L’idea, poi, delle dodici persone al governo della chiesa, vicine ai poveri e circondate da giovani, “in modo che lo spirito possa diffondersi ovunque”, sa di utopismo visionario. La letteratura del Novecento europeo (penso al "Maximin" di Stefan George) è ricca di giovani che aprono la storia "nuova" col passo leggero e lo sguardo puro di chi non è gravato di passato. Ma nella vitalità di una tradizione religiosa non è la condizione giovane come tale che conta. Giovanni Battista non è profeta perché giovane.
Il riferimento, nella lunga risposta centrale, ai sacramenti come "aiuto per gli uomini nel momento del cammino e nelle debolezze della vita", fa pensare a una concezione non misterica, non ontologica, dei sacramenti: non a caso il rinnovamento liturgico è fallito, smarrendo subito, nel dopoconcilio, la teologia liturgica dei Casel, degli Jungmann, dei Vagaggini, per un nuovo soggettivismo della "partecipazione" assembleare al rito.
Su un tale sfondo, le notazioni pastorali del cardinale restano orizzontali, pragmatiche, troppo "umane". A questo contribuiscono anche le domande degli autori dell’intervista, dove la Chiesa è assimilata a una organizzazione, da "curare" con "strumenti" pastorali che sono poi principalmente strategie di "esonero" morale e dogmatico.
Lascio per ultima la battuta: "La Chiesa è rimasta indietro di 200 anni". Nei lontani anni Sessanta – anni che nelle rievocazioni dell’imminente cinquantenario conciliare sarà opportuno trattare con la severità che meritano – simili stereotipi erano il pane quotidiano dell'eloquio "riformatore" e secolarista. Ma oggi non hanno più senso, dopo mezzo secolo di fallimenti di quelle teologie improvvisate e soprattutto dopo mezzo secolo di chiarimenti critici sulla modernità. Il metro evoluzionistico che ci fa misurare avanzamenti o ritardi culturali tra contemporanei non ha consistenza filosofica e la modernità non deve godere di nessun privilegio.
La debolezza di fronte alle obiezioni dei moderni è una sindrome che ha colpito molti nel corso del Concilio. Il cardinale Martini ha parlato spesso del "non credente" che era in lui.
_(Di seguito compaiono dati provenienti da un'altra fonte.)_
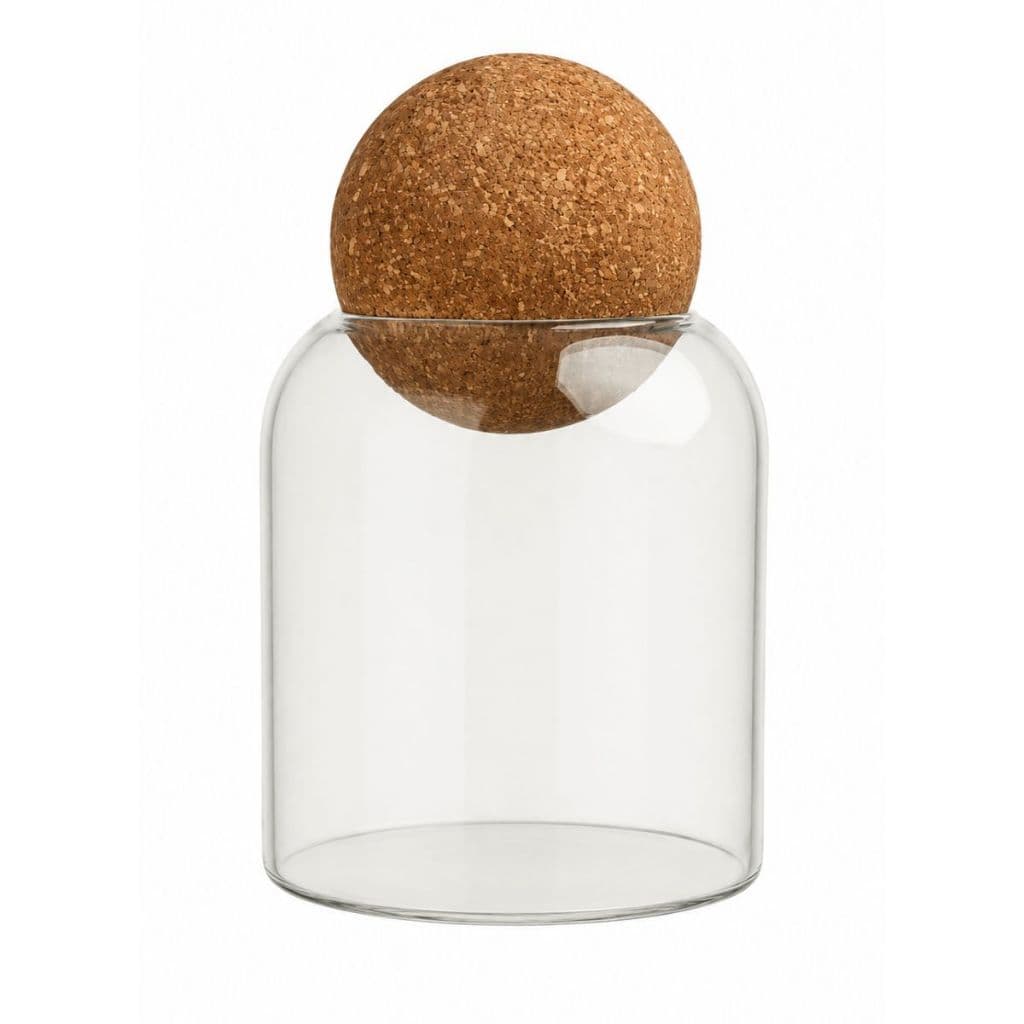 Pote Organizador Vidro Tampa de Cortiça Mantimentos Grãos Doces Cereais Armazenamento Alimentos Decorativo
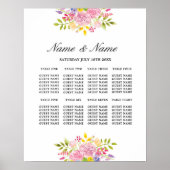 Poster 8 Sluitroze bloemen (Voorkant)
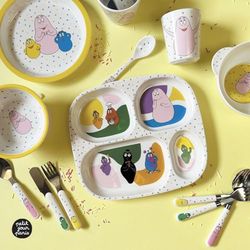 Barbapapa 5-delad lunchlåda - Petit Jour Paris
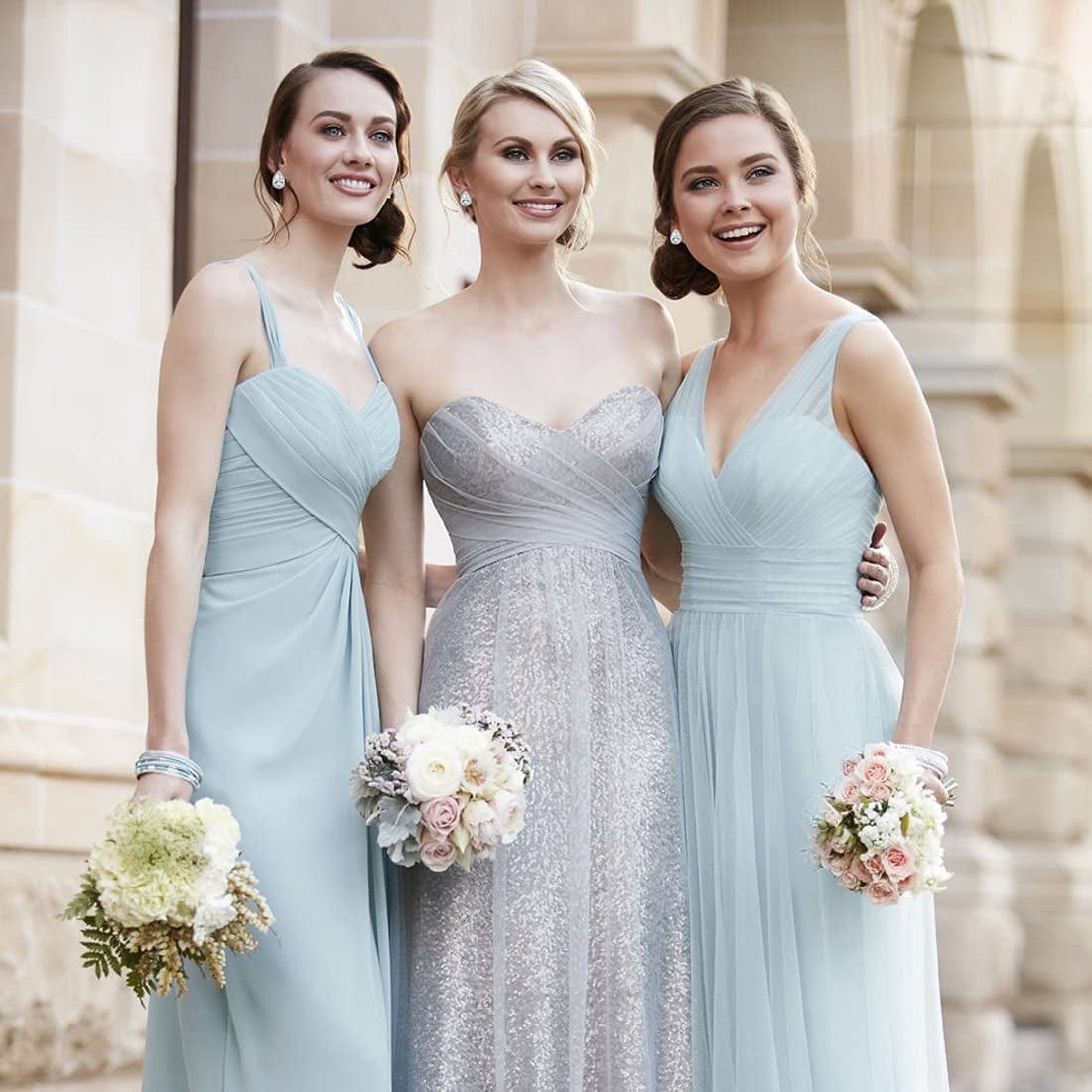 4/6 Pairs Bridesmaids Earrings Classic Cubic Zirconia Teardrop Stud Earrings for Women Girls I Couldn’T Tie a Knot without You Brides Bridesmaids Proposal Wedding Jewelry Gifts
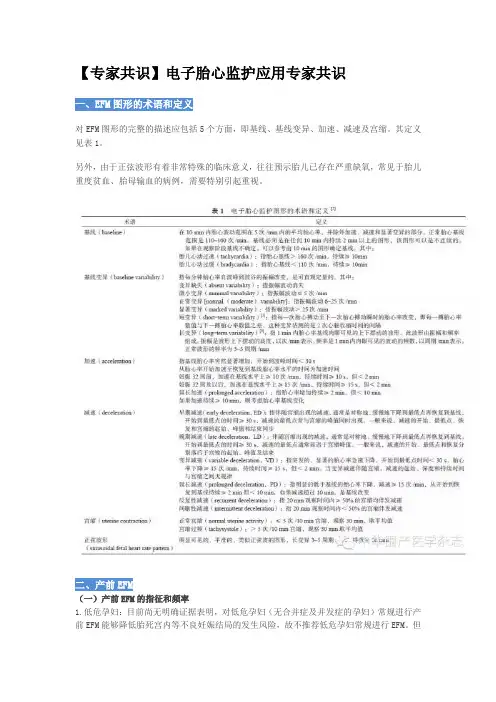 电子胎心监护应用专家共识 3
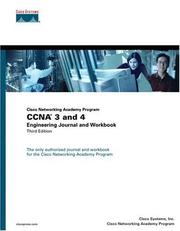 Cover of: Cisco Networking Academy Program CCNA 3 and 4 Engineering Journal and Workbook, Third Edition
Certo: chi non ha vissuto o non vive questa dialettica? Ma altro è scoprire in se stessi ragioni e sofferenze del non credere, altro è "ospitare" in sé esistenzialmente il non credente, dargli uno spazio, lasciargli occupare legittimamente il "foro interno". Qui sta l'equivoco di Martini come di molte generazioni e intelligenze cristiane.
Mi si dice: vanno criticati gli stereotipi, non la santa, amata, persona del cardinale gesuita. Ma non ci si impedisca di vedere che quella santa persona non è stata in grado di evitare a se stesso di proporre alla Chiesa e ai "lontani" proprio quei ripetitivi enunciati che i "lontani" conoscevano a memoria, provenendo da loro.
Lo stesso richiamo a non avere "paura" del nuovo è uno dei più triti, e non coincide davvero con il memorabile "non abbiate paura" di Giovanni Paolo II, anzi, ha il significato opposto.
Equivocare la cura cattolica per principi e verità e vita – cardini del magistero degli ultimi papi – con una "reazione di paura" di fronte al nuovo, è rovesciamento della realtà.